Manchester City with their infinite millions march on – though the ultimate, so often failed test of the European Cup awaits them.
By dramatic and fascinating contrast, those other lavish spenders, Chelsea and Manchester United, are toiling in the doldrums. In the case of United and an increasingly embattled Louis Van Gaal, it is not really surprising. For all his multiple past triumphs at Ajax, Barcelona, Bayern Munich, his team never really took wing last season, and it’s hard won fourth place in the Premier League last season, found them struggle far in the wake of Chelsea and Manchester City.
Chelsea by contrast romped away with the league, but this season they are slipping further and further behind.

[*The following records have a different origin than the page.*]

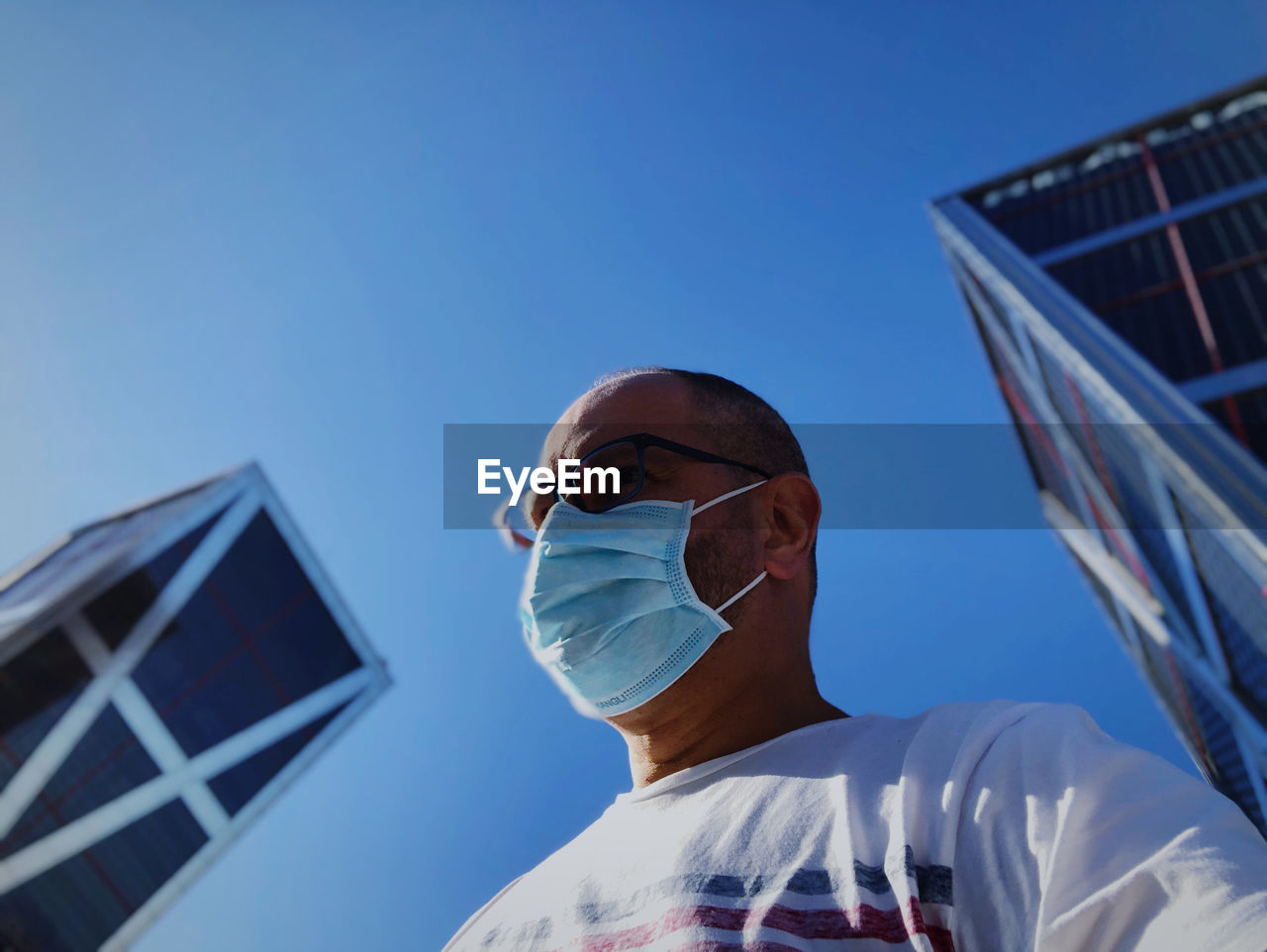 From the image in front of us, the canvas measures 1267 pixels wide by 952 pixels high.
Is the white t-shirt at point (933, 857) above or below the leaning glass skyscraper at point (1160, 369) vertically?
above

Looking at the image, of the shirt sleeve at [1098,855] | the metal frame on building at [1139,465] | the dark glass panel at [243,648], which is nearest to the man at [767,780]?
the shirt sleeve at [1098,855]

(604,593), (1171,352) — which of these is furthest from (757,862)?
(1171,352)

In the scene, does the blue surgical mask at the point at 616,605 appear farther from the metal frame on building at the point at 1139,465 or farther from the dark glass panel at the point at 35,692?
the dark glass panel at the point at 35,692

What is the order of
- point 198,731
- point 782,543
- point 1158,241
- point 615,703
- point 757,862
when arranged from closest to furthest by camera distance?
point 757,862, point 615,703, point 782,543, point 1158,241, point 198,731

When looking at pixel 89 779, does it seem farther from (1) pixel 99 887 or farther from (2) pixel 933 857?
(2) pixel 933 857

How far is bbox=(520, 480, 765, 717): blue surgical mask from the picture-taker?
2.07 meters

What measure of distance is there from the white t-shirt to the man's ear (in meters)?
0.61

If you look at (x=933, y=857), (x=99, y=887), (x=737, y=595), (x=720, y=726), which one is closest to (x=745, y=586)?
(x=737, y=595)

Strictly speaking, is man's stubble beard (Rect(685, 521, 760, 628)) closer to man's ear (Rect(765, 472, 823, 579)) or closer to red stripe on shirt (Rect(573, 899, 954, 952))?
man's ear (Rect(765, 472, 823, 579))

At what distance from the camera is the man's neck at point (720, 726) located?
194cm

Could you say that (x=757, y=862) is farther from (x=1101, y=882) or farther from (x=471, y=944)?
(x=471, y=944)

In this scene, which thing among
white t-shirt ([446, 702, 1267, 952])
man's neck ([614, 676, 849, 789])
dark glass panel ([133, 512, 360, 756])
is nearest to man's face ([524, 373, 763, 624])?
man's neck ([614, 676, 849, 789])

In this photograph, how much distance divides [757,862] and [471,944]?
743 millimetres

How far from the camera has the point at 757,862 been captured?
137 cm
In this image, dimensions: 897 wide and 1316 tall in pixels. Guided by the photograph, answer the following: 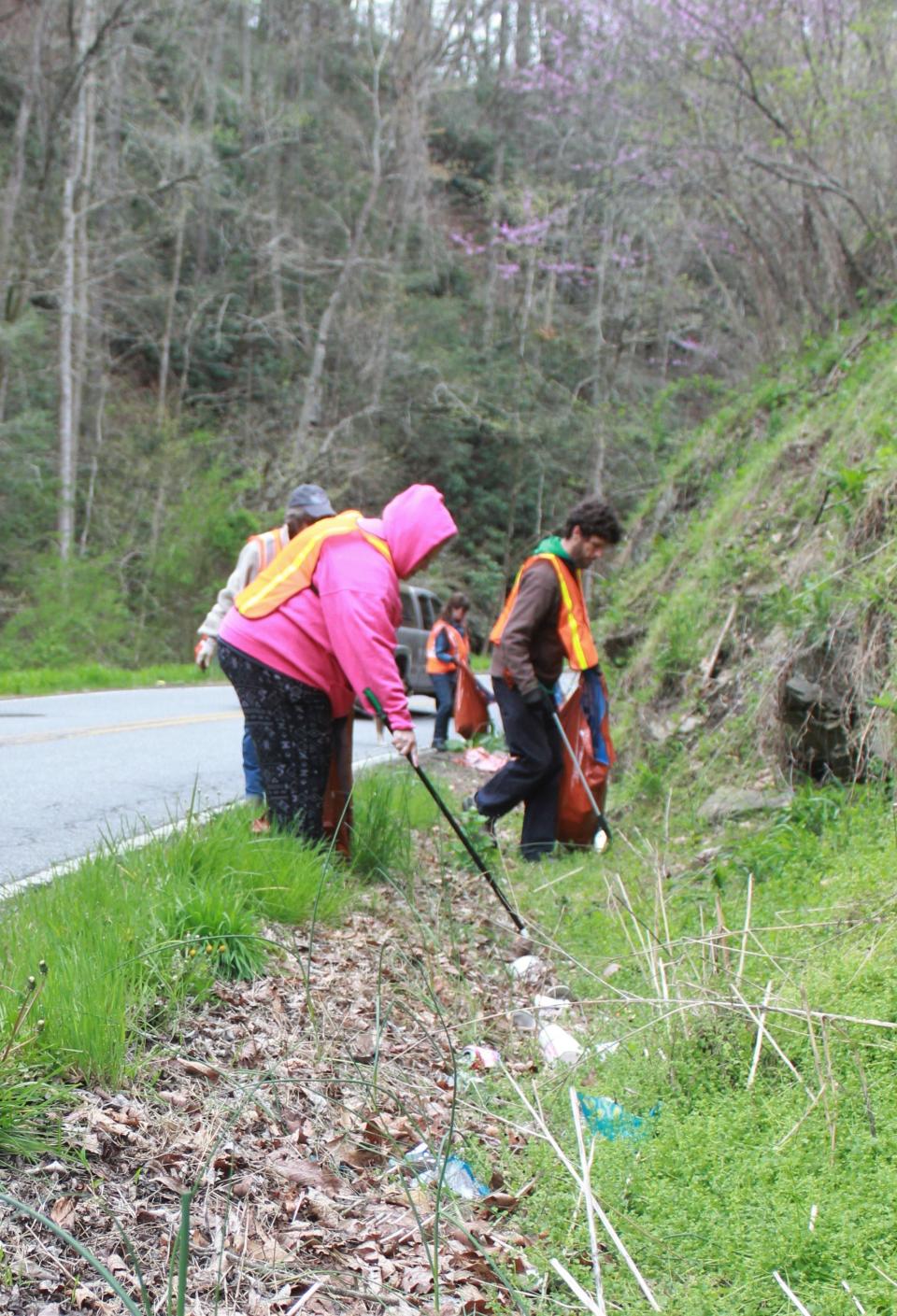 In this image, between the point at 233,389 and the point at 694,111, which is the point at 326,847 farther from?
the point at 233,389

The shattering home defeat by Crystal Palace pushing them well down the table, with the ever-grandiloquent Jose Mourinho reduced to criticising his own recently refulgent stars.
I was at Stamford Bridge to see Chelsea lose to a Crystal Palace team which cost the merest fraction of what Chelsea splashed out for their stars. Though he did not mention them or any other of the four players he would ideally have liked to substitute rather than three, Eden Hazard was clearly a target. Lauded to the skies by Mourinho in the very recent past, winner last season of a plenitude of awards, one scarcely noticed him as one watched Palace deservedly prevail.
By the same token, Wayne Rooney, though in the midweek he had previously fired a trio of goals for Manchester United in Belgium – while one waits for him laboriously to overtake Bobby Charlton as England’s leading goalscorer – was dismally firing blanks again as United went down at Swansea.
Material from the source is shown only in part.